With just three days left for his execution, he agrees to give an exclusive interview to the ambitious Bloom who has long been chasing the story.
As the story unfolds in flashback, we see Bloom (and the hapless male intern accompanying her) being followed by a mysterious man. The flashbacks tell us about Gale's fall at university, his alcoholism and his wife seeking a divorce. From time to time, we see Bloom in prison; her guarded regard for Gale having melted in no time, she feels responsible for staying the execution.
The movie becomes a clock-race thriller as Bloom struggles to present the evidence that could stay the execution. But it never achieves the tension of Clint Eastwood's [ Images ] anti-death penalty movie, True Crime.

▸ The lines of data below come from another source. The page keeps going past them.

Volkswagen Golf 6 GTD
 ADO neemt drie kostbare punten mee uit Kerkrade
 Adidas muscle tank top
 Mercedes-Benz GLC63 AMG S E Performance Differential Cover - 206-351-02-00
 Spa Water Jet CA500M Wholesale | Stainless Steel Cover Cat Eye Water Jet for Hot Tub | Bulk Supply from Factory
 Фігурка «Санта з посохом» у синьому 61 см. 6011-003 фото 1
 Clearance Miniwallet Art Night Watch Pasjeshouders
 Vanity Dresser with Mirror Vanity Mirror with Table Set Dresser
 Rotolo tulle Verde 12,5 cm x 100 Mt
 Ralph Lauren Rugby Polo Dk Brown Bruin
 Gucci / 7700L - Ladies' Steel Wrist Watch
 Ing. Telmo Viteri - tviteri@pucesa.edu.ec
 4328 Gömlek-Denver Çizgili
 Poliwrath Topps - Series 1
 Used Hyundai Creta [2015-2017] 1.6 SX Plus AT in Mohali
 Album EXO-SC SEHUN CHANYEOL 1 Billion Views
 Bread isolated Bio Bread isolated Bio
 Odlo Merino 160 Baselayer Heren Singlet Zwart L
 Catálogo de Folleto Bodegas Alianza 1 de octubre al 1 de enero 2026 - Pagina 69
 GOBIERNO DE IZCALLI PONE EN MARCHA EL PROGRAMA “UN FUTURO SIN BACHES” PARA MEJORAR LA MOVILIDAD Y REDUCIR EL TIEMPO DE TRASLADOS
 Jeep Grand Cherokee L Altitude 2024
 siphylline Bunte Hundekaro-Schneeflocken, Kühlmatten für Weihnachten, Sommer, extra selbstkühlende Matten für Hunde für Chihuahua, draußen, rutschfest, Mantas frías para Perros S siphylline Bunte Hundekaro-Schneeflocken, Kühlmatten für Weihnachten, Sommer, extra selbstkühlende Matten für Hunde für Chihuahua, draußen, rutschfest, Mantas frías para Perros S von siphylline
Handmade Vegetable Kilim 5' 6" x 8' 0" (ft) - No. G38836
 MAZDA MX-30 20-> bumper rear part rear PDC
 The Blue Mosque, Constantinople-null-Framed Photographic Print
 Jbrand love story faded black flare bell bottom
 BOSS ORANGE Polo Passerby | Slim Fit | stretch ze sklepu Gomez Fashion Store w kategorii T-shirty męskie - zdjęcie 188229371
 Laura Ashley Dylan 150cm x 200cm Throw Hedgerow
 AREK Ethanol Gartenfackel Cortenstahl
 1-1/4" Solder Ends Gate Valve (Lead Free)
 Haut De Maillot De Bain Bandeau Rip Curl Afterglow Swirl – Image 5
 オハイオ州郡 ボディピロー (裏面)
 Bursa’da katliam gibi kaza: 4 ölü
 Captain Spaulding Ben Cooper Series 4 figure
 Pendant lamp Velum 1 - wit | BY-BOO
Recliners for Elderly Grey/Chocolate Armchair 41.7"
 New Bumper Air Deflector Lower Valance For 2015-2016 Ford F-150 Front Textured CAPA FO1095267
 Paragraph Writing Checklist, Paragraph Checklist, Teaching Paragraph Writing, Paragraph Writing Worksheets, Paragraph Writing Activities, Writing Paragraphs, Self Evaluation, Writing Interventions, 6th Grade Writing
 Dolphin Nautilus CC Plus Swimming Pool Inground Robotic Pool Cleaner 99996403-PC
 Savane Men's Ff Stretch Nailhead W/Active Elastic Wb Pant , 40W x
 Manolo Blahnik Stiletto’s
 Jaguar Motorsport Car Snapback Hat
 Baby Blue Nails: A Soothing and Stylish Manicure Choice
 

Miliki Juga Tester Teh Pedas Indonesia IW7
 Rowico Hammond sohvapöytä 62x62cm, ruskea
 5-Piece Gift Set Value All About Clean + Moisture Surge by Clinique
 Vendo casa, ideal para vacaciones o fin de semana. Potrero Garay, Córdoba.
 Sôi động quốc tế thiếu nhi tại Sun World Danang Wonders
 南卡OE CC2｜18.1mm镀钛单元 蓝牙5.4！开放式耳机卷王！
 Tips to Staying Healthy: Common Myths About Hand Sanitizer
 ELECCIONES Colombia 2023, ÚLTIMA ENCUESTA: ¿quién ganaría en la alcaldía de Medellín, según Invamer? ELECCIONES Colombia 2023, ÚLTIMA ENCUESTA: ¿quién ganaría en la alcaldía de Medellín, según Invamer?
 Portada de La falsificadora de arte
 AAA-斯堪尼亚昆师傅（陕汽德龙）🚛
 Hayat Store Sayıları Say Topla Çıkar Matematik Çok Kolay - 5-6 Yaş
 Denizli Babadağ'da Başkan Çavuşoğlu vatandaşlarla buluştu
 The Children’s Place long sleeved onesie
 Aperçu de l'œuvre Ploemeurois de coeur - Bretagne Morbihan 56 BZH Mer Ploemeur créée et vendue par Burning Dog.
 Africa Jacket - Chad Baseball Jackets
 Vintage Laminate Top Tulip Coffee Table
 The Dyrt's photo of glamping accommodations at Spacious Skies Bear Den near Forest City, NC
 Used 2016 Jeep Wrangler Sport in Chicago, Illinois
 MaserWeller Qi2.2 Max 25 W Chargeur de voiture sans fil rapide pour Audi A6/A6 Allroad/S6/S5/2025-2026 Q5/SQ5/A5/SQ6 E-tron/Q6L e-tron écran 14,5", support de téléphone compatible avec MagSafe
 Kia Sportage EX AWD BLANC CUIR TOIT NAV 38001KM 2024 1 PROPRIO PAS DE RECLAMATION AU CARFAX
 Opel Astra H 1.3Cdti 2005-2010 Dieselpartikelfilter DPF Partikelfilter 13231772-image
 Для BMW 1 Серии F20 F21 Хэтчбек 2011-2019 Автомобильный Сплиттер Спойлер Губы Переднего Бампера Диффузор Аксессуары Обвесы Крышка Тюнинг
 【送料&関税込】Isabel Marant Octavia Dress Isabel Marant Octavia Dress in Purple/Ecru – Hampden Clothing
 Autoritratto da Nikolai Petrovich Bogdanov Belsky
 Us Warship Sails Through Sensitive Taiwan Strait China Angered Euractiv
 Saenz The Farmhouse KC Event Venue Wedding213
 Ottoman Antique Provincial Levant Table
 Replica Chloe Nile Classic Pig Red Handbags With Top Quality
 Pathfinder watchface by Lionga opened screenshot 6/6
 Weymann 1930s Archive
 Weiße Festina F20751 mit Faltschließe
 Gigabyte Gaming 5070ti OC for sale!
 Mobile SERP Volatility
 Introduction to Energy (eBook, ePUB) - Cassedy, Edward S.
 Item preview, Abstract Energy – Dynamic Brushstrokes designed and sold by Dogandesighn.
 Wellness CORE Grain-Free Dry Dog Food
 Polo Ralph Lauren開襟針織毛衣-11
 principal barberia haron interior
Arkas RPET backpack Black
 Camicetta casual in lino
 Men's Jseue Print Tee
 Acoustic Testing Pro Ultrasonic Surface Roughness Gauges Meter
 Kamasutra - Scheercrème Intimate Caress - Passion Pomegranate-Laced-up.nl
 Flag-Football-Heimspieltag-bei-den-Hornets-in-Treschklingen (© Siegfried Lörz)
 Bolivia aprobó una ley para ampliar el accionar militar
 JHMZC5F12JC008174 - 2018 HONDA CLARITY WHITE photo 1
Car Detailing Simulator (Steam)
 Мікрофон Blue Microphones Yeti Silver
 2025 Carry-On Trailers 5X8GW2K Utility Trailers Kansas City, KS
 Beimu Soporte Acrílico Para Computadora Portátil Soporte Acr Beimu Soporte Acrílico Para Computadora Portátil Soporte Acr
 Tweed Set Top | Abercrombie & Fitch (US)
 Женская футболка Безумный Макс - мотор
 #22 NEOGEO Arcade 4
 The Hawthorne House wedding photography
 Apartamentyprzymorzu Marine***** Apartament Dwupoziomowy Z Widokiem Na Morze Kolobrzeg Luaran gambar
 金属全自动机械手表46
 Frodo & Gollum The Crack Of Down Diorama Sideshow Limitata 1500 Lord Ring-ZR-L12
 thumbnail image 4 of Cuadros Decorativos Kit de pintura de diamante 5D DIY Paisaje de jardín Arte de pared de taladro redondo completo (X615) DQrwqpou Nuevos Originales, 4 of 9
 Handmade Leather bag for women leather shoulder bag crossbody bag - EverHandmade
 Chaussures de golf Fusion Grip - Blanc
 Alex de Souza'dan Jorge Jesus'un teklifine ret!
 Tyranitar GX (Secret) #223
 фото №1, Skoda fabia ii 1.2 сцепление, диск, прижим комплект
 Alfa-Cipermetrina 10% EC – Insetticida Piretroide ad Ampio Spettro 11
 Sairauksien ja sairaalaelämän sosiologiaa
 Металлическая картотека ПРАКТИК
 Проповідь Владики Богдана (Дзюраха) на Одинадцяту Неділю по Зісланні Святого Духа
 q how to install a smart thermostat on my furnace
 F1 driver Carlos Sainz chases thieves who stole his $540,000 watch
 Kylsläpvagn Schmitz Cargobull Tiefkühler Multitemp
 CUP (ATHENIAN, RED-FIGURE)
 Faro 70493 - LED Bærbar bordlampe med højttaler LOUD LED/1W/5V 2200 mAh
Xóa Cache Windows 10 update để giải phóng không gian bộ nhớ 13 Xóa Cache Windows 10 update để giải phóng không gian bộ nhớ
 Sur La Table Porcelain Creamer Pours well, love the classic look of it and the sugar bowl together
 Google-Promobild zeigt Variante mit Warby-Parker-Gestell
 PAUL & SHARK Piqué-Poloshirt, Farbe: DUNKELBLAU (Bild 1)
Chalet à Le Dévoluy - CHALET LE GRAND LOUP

That 1999 film based on Andrew Klavan's novel revolved around an over-the-hill journalist who, as a redemptive act, tries to uncover the evidence that can prove a death row inmate's innocence just hours before his execution.
Though it had its exaggerated moments too, it offers a complex and perplexing character played with intelligence by Eastwood.
The final scenes are supposed to be jaw-dropping. But, because of what has gone before them, especially the sequence in which Bloom has to sprint to the death house to try and rescue Gale, the final revelation leaves one cold.
The film feels overwritten for the most part. Take the television debate over the death penalty between the governor, a George W Bush stand-in, and Gale. It looks contrived though it offers a couple of insights into Gale's personality.
When the movie is over, it emerges as one of its few believable sequences.